GDPR: Application Password Security in 2018

Security Primer

As we hurtle towards GDPR, more and more of my clients are becoming concerned with data security. This is great news - I've always recommended best practices but come up against resistance occasionally due to the extra amount of time some implementations take - after all, time is money, and to some clients money is more important than security. Thankfully we're all now being forced to consider it more seriously.

I'm no security or cryptographic expert but as part of my job I have to provide secure authentication and storage systems to protect my client's data. As I'm a Microsoft stack guy this is often dealt with by an Active Directory or Federated Identity Server - but on occasion I need to "roll my own" authentication system or heavily modify an existing one.

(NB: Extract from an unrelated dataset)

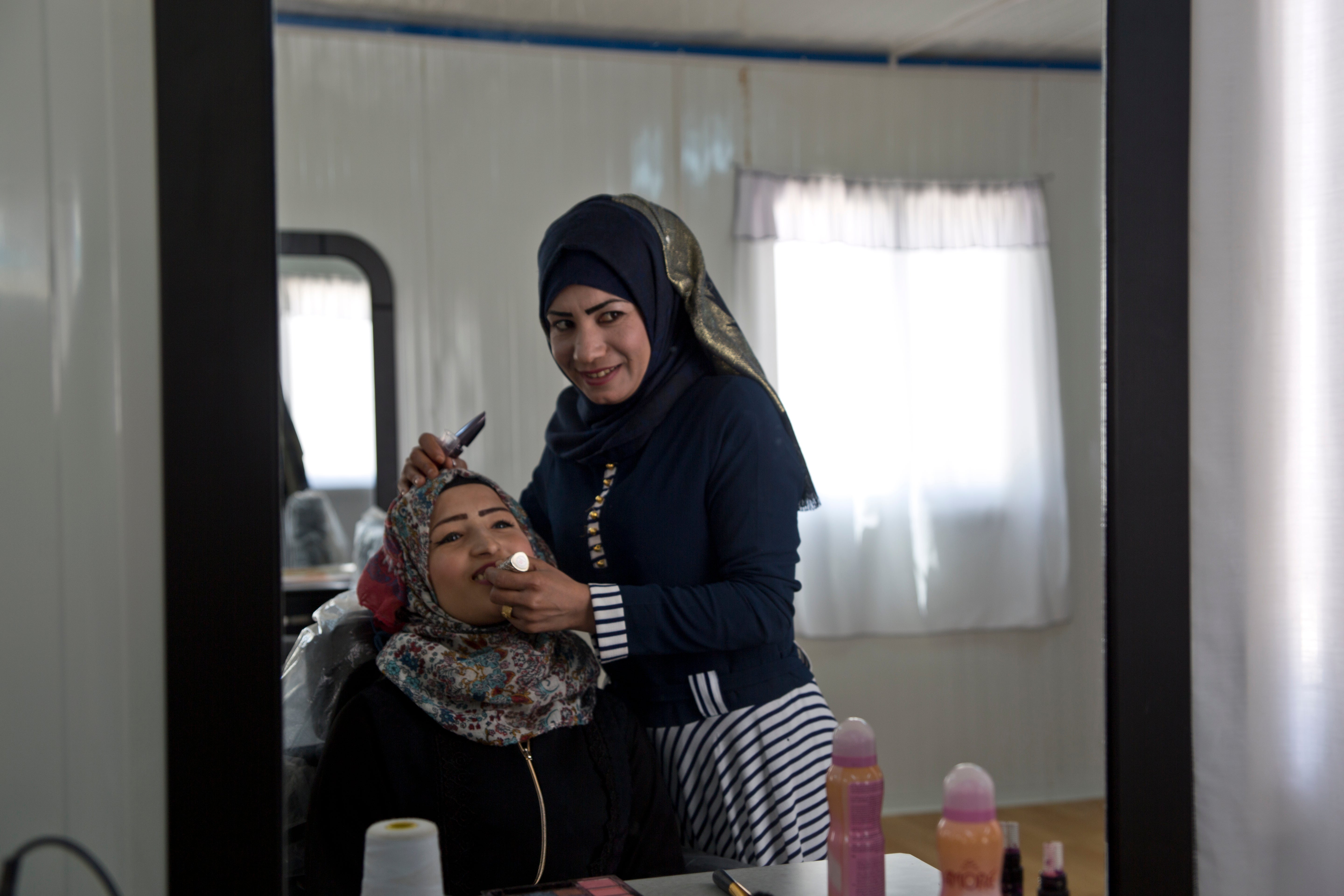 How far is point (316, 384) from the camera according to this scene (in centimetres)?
98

One client recently asked me about the password hashing I'd put in place for them - I'd implemented SHA-256 with salting, using the same piece of code for about a decade. Its fast, relatively light weight and portable - but unbeknownst to me (until now), is no longer recommended or appropriate for hashing passwords. The client wanted me to implement PBKDF2 as they'd heard it was more secure.

Hashing vs Encryption

Security novices often confuse hashing and encryption. They are both cryptographic concepts but that's where the similarities end; in simple terms, hashing is a one-way operation that takes some data, makes a right old mess of it ("a hash"), and stores it somewhere for future reference. The aim of "hashing" is to make that data unreadable by humans and computers even when they know how it was originally created. The output hash aims to be impossible to reverse engineer, but computationally exact given the same input.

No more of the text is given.